Saturday, 26 August 2017

Price Action discretionary - trading Set up

5 Types of Set up

1. PB - (Pull Back)
2. CPB - (Corrective Pull Back)
3. BOF - (Break Out Failure)
4. BPB - (Breakout Pull Back)
5. TST - (Test Setup)

Deep look into the setups..

Lets do some question and answer session before going into the actual topic. As it is a static medium, I will play the role of the host and the interviewer for sometime. I really want you to understand this.

Why people don’t leave trading despite of their losses?

There might be so many reasons. They might always find some hope to recoup their losses. But the answer I am interested here is, trading is exciting. It is exciting for the people who gamble or novice traders, as they get pleasure from occasional profits (which comes out of luck). It is exciting for the professionals, because they enjoy the uncertain market environment by respecting the odds and risk.

Why trading is exciting? 

You might have got the answer from the above explanation.  To bring this discussion forward, I am only concerned with the professional’s excitement. They know that the future cannot be accurately predicted. Everything works on odds and risk. His job, as a trader is to think about a trade when the odds are in his favor and the initial risk to take the trade is contained. He uses different methodologies to calculate those odds(we use price action for that), which is a different story. He knows that every moment in the market is unique.

The last sentence in bold is the one I am interested in this article. We all know that already, but we never truly understand that one sentence. If we have understood that, we won’t be trying to form rigid rules to take action in the markets. In the methodology we use, we have formed some rigid rules and to identify structure, bias, setup and stuff to understand the language of markets. But there is something that cannot be kept into rules, like required price interaction with the setup level, signs of exhaustion, etc.. They are unique for every trade you take. You might find some similarities from the trades you take, but no two entries exactly resemble the same type of price interaction and exhaustion.
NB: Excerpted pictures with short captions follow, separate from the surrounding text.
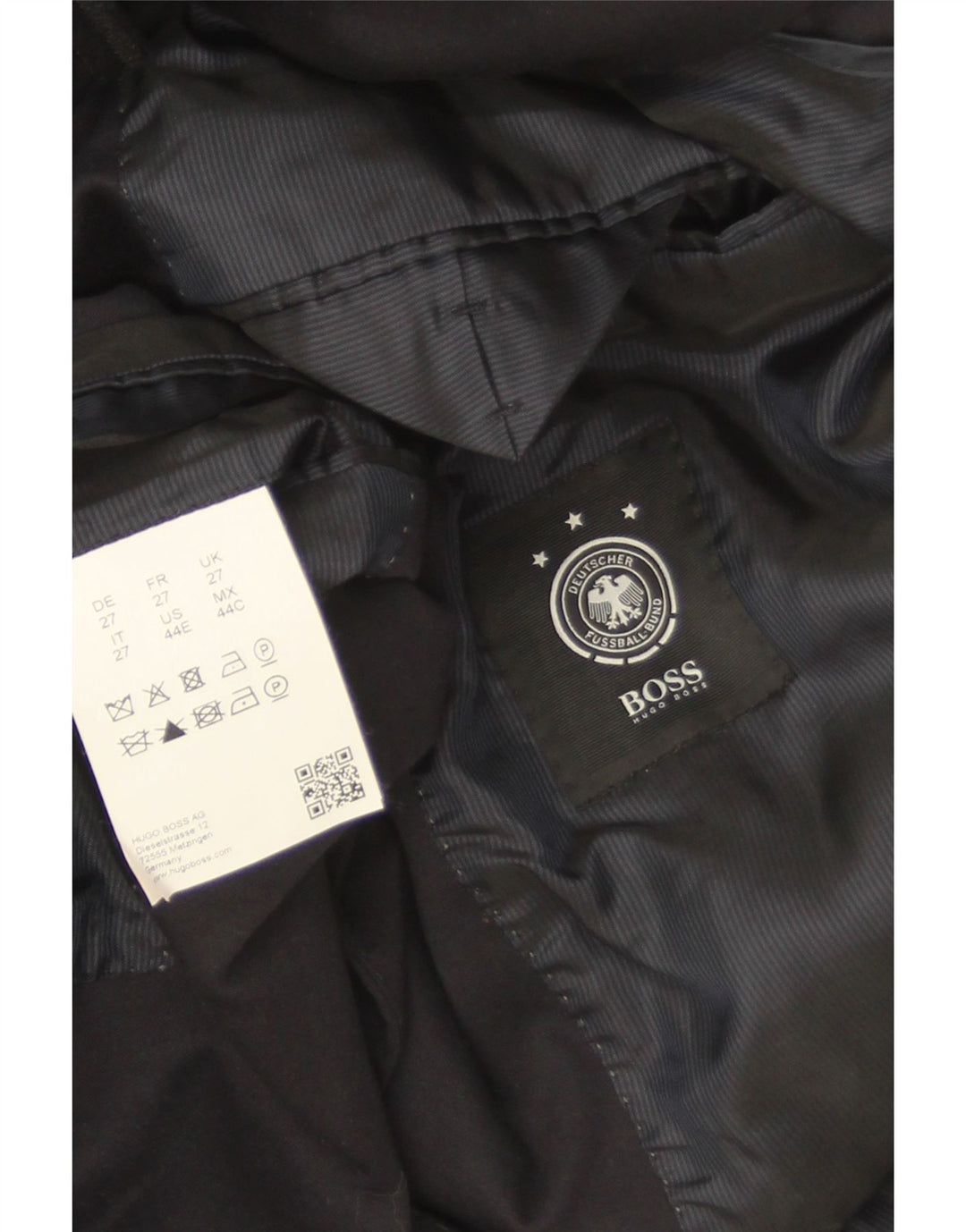 Giacca blazer da uomo a 2 bottoni Hugo Boss UK 40 grande cotone blu navy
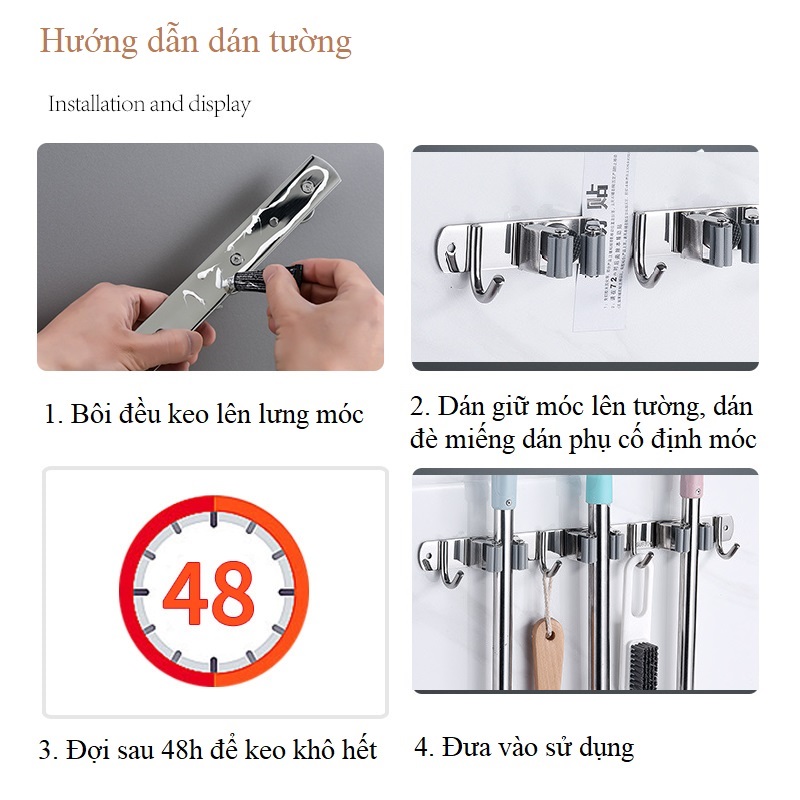 Thanh treo đồ dán tường Inox 304 gồm 4 móc treo và 3 rãnh kẹp cây chổi lau nhà siêu tiên lợi - tặng kèm keo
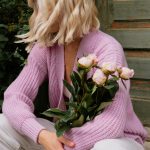 Pink Vintage Merino and Cashmere Wool Sweater, Women's Knitted Jumper with Buttons ROSSO / peony - Image 3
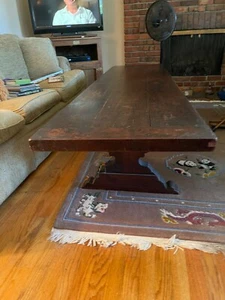Antique 1700s? French Oak Monastery Table Two Heights 92 1/4 x 23" - 20" or 28" - Picture 1 of 9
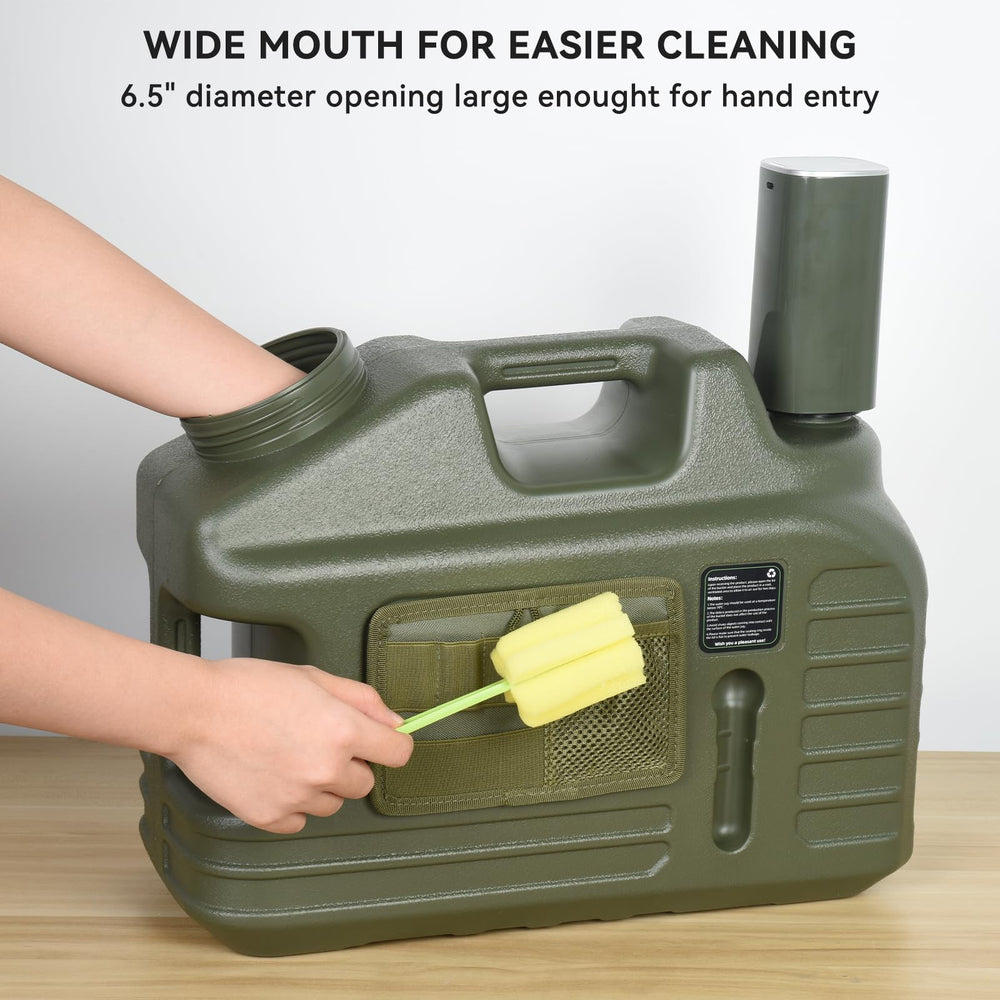 FIRINER cleaning brush helps reach tight spaces for hygienic refill preparation.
So, how to handle that uniqueness?

The only thing that we can do to handle that is to understand what we are doing before doing something. The more you understand, the more effective your performance is.
We use five different setups PB, CPB, BPB, BOF, TST. Each setup is different in terms of price interaction with the setup level. I am trying to form different scenarios of price interaction for different levels, and I will share it once it is done. Those interactions will answer the ‘HOW’ questions regarding setups.
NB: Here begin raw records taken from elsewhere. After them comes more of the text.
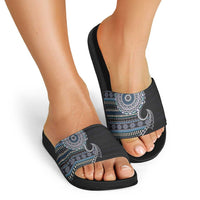 Fijian Masi Tribal Tattoos Art Pattern Slide Sandals Navy Color Half Style - Polynesian Pride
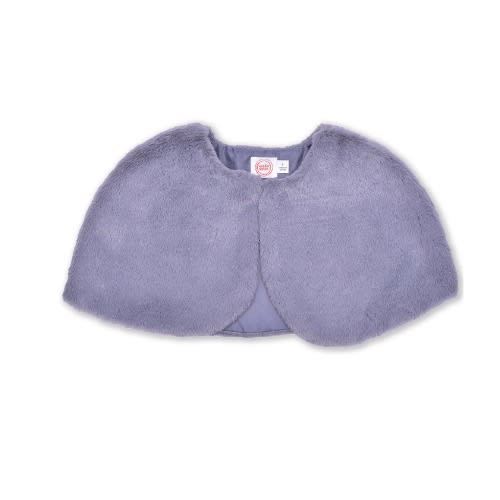 Girls Metalic Rosette Dress Set & Faux Fur Poncho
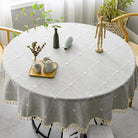 Modern Stylish Round Tablecloth Tassels Grey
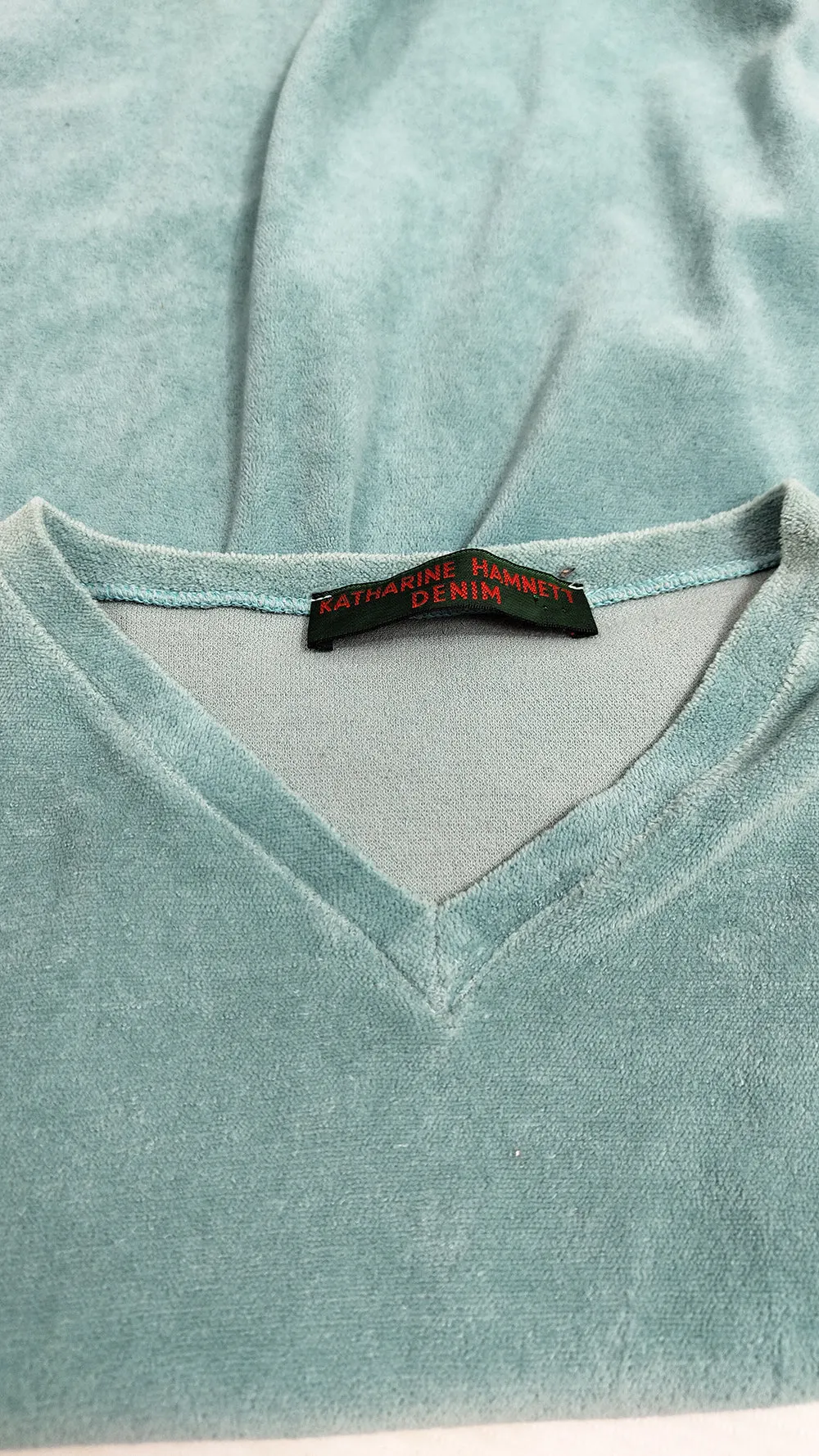 Katherine Hamnett Vintage Mens Turquoise Velour Sweatshirt, 1990s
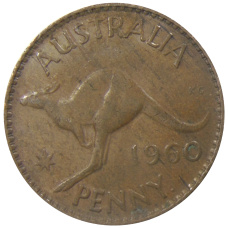 Монета 1 пенни 1960 года Австралия (аверс)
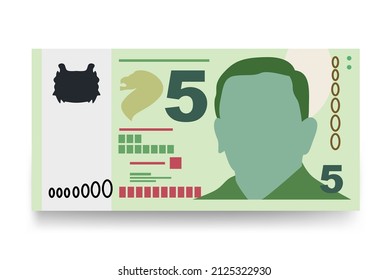 Singaporean Dollar Vector Illustration. Singapore, Brunei money set bundle banknotes. Paper money 5 SGD. Flat style. Isolated on white background. Simple minimal design.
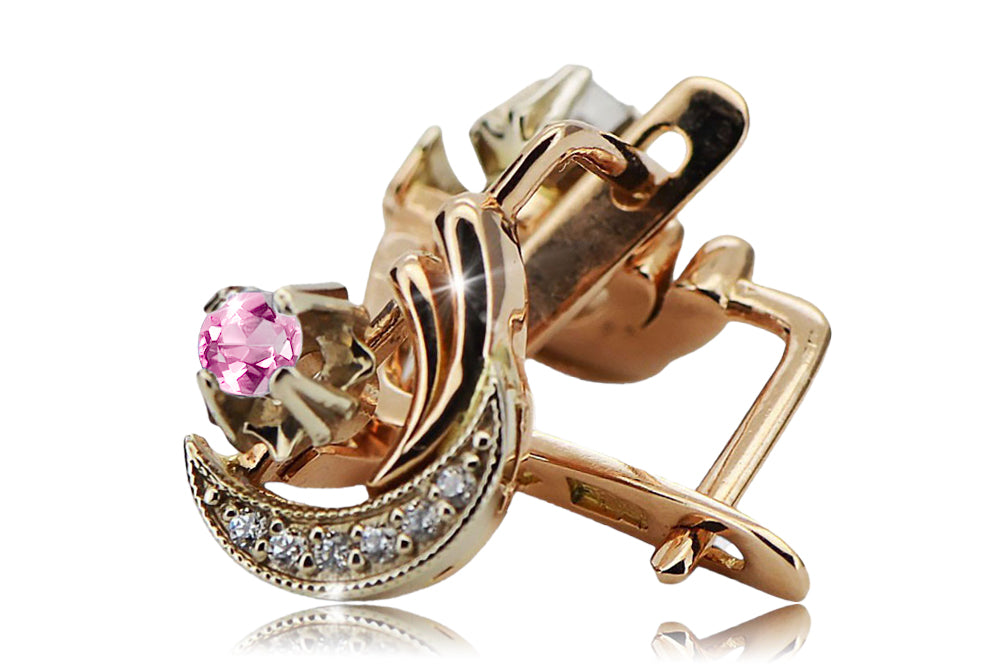 Vintage Amethyst Earrings in 14K Rose & White Gold (vec093rw-am) — back view with the clasp
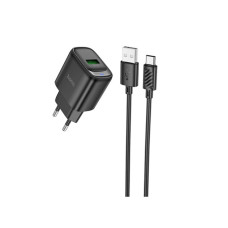 Мережеве зарядний пристрій Hoco C140A Smart single port 1USB (18W/QC3.0) з кабелем Type-C Black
Before that, you must get answers to ‘WHY’ questions. Let us do that here. Please try to understand each and every word  as it is so important.

Why we take PB setups?

When market moves in a trending environment, novice traders and traders who take profits from the existing with trend trades will either stall the movement or causes a counter trend weak movement by causing some net orderflow against the direction of the trend.
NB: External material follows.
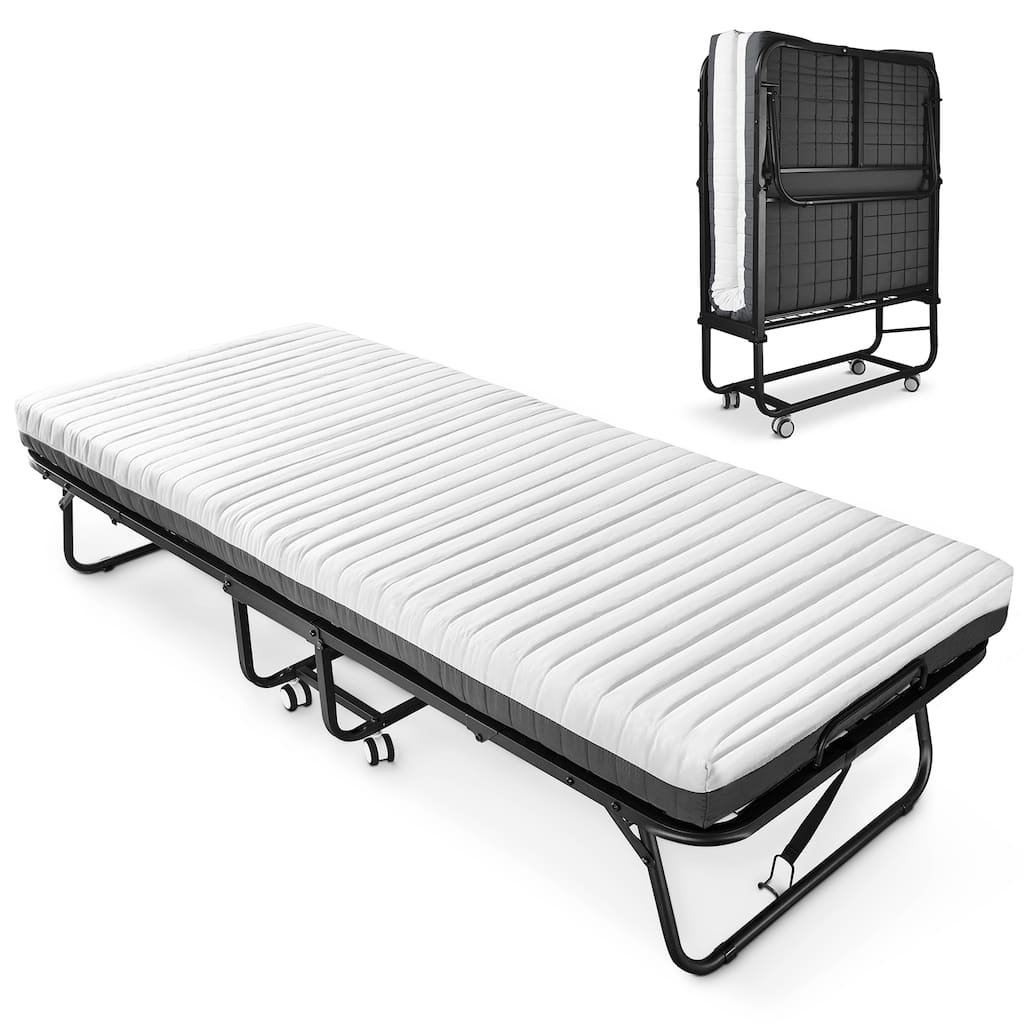 Folding Bed with Mattress Included Memory Foam, Portable Roll Away Adult Bed for Guest, Fold Up Soft Cot Bed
When that order flow hits a level that can provide sufficient orders in the direction of the trend to block that counter trend movement, those CT traders who are trading that pullback look to exit as market is not moving in their direction beyond some level. Their exits will create some movement in the direction of the trend and that will attract some retail with trend traders to position themselves as market is cooled down after the previous impulse move and is starting to move in the direction of the trend. This will change the polarity of the net order flow, ie. from counter trend to with trend. We must enter before that polarity shift if we want to be positioned with lesser risk.



Why we take CPB setups?

A CPB trade in your TTF might look like a single leg PB trade in a time frame higher than your’s. So, the explanation I have given for the PB setup will be applicable for the CPB trades.
In addition to that, it has an added factor, ie. the trap order flow.
To understand this,
1. let us consider that the trend is up and has formed a swing low without breaking the trend violation pivot.
2. The upswing started from this swing low failed to extend beyond the highest high of the uptrend, and in turn gave a breakout of the intermediate swing low, recently formed, without breaking the trend violation pivot.
3. Those novice traders who want to position themselves early in the counter trend trade without thinking about the context of the market will consider this breakout as an early sign of trend change and initiate their shorts.
4. When price hesitates to extend beyond after the breakout, they will look to cover their shorts and that might cause a polarity shift in the ordeflow,
5.  if enough shorts got trapped. Then the with trend traders will come and the whole story repeats again.
6. The end result is the trend continuing after the this two legged pullback. It can also be seen as a BOF of the intermediate SH/SL.


Why we take BOF setups? 

BOF setup is my favorite of all the five, as most of the breakout fail. There is only one fundamental reason behind taking BOF setups, ie. Price unacceptance after the breakout.  As simple as that. There is no rocket science behind that. But we need a lot of screen time and  reviewing to understand when we can conclude that unacceptance.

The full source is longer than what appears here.